*EXERCISE INSTRUCTIONS*. Scan the records below, and wherever a line has the word "beige", pull it out.

*RECORDS SHOWN*.
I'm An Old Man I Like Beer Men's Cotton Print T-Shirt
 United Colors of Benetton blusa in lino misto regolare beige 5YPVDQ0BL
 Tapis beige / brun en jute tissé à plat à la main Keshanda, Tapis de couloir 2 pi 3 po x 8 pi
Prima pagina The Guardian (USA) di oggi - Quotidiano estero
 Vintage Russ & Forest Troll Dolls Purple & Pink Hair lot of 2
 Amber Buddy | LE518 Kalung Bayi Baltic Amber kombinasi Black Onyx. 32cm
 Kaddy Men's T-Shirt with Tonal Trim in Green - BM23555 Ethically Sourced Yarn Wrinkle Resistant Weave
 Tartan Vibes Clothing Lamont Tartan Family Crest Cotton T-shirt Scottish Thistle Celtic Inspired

*EXERCISE SOLUTION*.
 United Colors of Benetton blusa in lino misto regolare beige 5YPVDQ0BL
 Tapis beige / brun en jute tissé à plat à la main Keshanda, Tapis de couloir 2 pi 3 po x 8 pi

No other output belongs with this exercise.